I suppose that these mournful strains had their place, but sometimes the transition was too sudden, from the outside of the meeting-house to the inside; from the sunshine and bobolinks and buttercups of the merry May-day world, to the sad strains that chanted of "this barren land," this "vale of tears," this "wilderness" of distress and woe. It let us light-hearted children too quickly down from the higher key of mirth to which our careless thoughts were pitched. We knew that we were happy, and sorrow to us was unreal. But somehow we did often get the impression that it was our duty to try to be sorrowful; and that we could not be entirely good, without being rather miserable.
And I am afraid that in my critical little mind I looked upon it as an affectation on the part of the older people to speak of life in this doleful way. I thought that they really knew better. It seemed to me that it must be delightful to grow up, and learn things, and do things, and be very good indeed,—better than children could possibly know how to be. I knew afterwards that my elders were sometimes, at least, sincere in their sadness; for with many of them life must have been a hard struggle. But when they shook their heads and said,—"Child, you will not be so happy by and by; you are seeing your best days now," I still doubted. I was born with the blessing of a cheerful temperament; and while that is not enough to sustain any of us through the inevitable sorrows that all must share, it would have been most unnatural and ungrateful in me to think of earth as a dismal place, when everything without and within was trying to tell me that this good and beautiful world belongs to God.
I took exception to some verses in many of the hymns that I loved the most. I had my own mental reservations with regard even to that glorious chant of the ages,—
"Jerusalem, my happy home,
Name ever dear to me."
I always wanted to skip one half of the third stanza, as it stood in our Hymn-Book:
"Where congregations ne'er break up,
And Sabbaths have no end."
I did not want it to be Sabbath-day always. I was conscious of a pleasure in the thought of games and frolics and coming week-day delights that would flit across my mind even when I was studying my hymns, or trying to listen to the minister. And I did want the congregation to break up some time. Indeed, in those bright spring days, the last hymn in the afternoon always sounded best, because with it came the opening of doors into the outside air, and the pouring in of a mingled scent of sea winds and apple blossoms, like an invitation out into the freedom of the beach, the hillsides, the fields and gardens and orchards. In all this I felt as if I were very wicked. I was afraid that I loved earth better than I did heaven.

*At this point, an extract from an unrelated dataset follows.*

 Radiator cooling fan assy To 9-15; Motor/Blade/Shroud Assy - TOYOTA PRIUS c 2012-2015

Nevertheless I always did welcome that last hymn, announced to be sung "with the Doxology," usually in "long metre," to the tune of "Old Hundred." There were certain mysterious preliminaries,—the rustling of singing-book leaves, the sliding of the short screen-curtains before the singers along by their clinking rings, and now and then a premonitory groan or squeak from bass-viol or violin, as if the instruments were clearing their throats; and finally the sudden uprising of that long row of heads in the "singing-seats."

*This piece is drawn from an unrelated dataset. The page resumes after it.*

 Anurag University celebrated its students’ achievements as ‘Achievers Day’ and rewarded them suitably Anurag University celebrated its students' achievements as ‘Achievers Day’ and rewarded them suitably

My tallest and prettiest grown-up sister, Louise, stood there among them, and of all those girlish, blooming faces I thought hers the very handsomest. But she did not open her lips wide enough to satisfy me. I could not see that she was singing at all.
To stand up there and be one of the choir, seemed to me very little short of promotion to the ranks of cherubim and seraphim. I quite envied that tall, pretty sister of mine. I was sure that I should open my mouth wide, if I could only be in her place. Alas! the years proved that, much as I loved the hymns, there was no music in me to give them voice, except to very indulgent ears.